• _Work instructions_:
Please quote exactly the lines below from the line containing "Ночная крем-маска - Soraya" to the line containing "31-OH Miami University", both lines included, and nothing else.

• _Records provided_:
= = = = =

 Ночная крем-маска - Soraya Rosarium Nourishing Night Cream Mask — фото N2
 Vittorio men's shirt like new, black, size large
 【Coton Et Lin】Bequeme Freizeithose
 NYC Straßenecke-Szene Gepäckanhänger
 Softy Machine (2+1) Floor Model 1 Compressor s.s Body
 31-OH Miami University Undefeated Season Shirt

= = = = =

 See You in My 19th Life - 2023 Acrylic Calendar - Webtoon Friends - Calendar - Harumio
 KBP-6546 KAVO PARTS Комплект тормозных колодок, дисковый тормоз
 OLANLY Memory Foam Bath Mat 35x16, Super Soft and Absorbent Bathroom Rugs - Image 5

= = = = =

• _Solution for this exercise_:
 Ночная крем-маска - Soraya Rosarium Nourishing Night Cream Mask — фото N2
 Vittorio men's shirt like new, black, size large
 【Coton Et Lin】Bequeme Freizeithose
 NYC Straßenecke-Szene Gepäckanhänger
 Softy Machine (2+1) Floor Model 1 Compressor s.s Body
 31-OH Miami University Undefeated Season Shirt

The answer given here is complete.